Three cholangiocarcinoma (CCA) cell line—formerly named, M156, M213 and M214 have been intensively used with discrepancy of their tumor origins. They were assumed to be originated from three different donors without authentication. To verify the origins of these cell lines, the short tandem repeat (STR) analysis of the currently used cell lines, the cell stocks from the establisher and the primary tumor of a CCA patient were performed. Their phenotypic and genotypic originality were compared. The currently used 3 CCA cell lines exhibited similar STR as CCA patient ID-M213 indicating the same origin of these cells. The cell stocks from the establisher, however, revealed the same STR of M213 and M214 cells, but not M156. The misidentification of M214 and M156 is probably due to the mislabeling and cross-contamination of M213 cells during culture. These currently used cell lines were renamed as KKU-213A, -213B and -213C, for the formerly M213, M214 and M156 cells, respectively. These cell lines were established from a male with an intrahepatic mass-forming CCA stage-4B. The tumor was an adenosquamous carcinoma with the liver fluke ova granuloma in evidence.

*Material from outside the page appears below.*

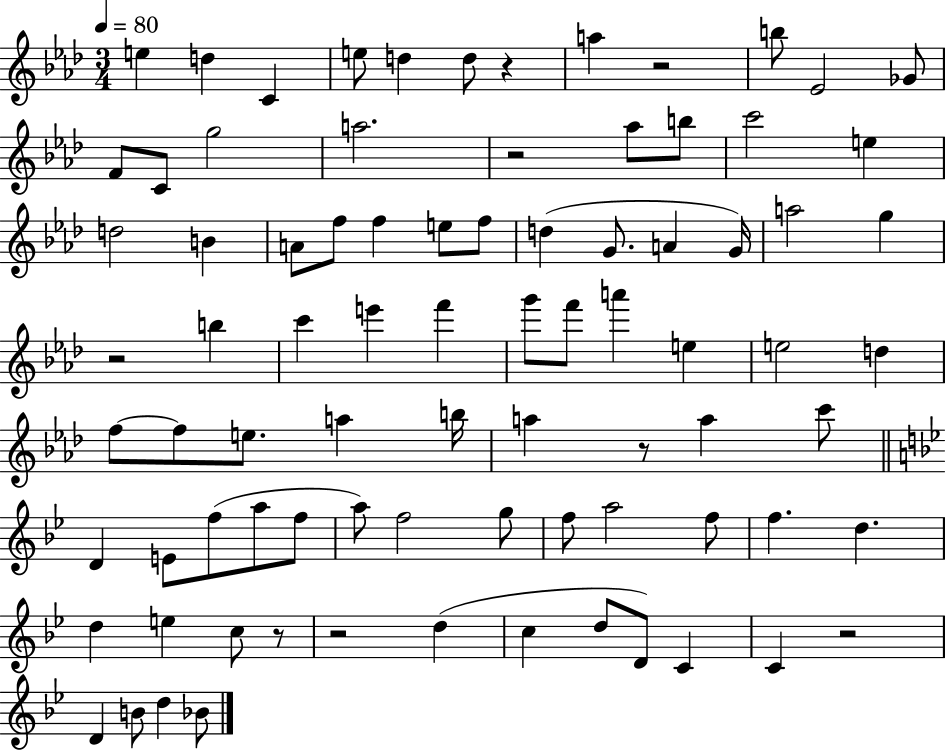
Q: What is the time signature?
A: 3/4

All cell lines had positive CK19 with differential CA19-9 expression. They exhibited aneuploidy karyotypes, distinct cell morphology, cell growth, cytogenetic characteristic and progressive phenotypes. KKU-213C formed a adenosquamous carcinoma, whereas KKU-213A and KKU-213B formed poorly- and well-differentiated squamous cell carcinomas in xenografted mice. mRNA microarray revealed different expression profiles among these three cell lines. The three cell lines have unique characteristics and may resemble the heterogeneity of tumor origin.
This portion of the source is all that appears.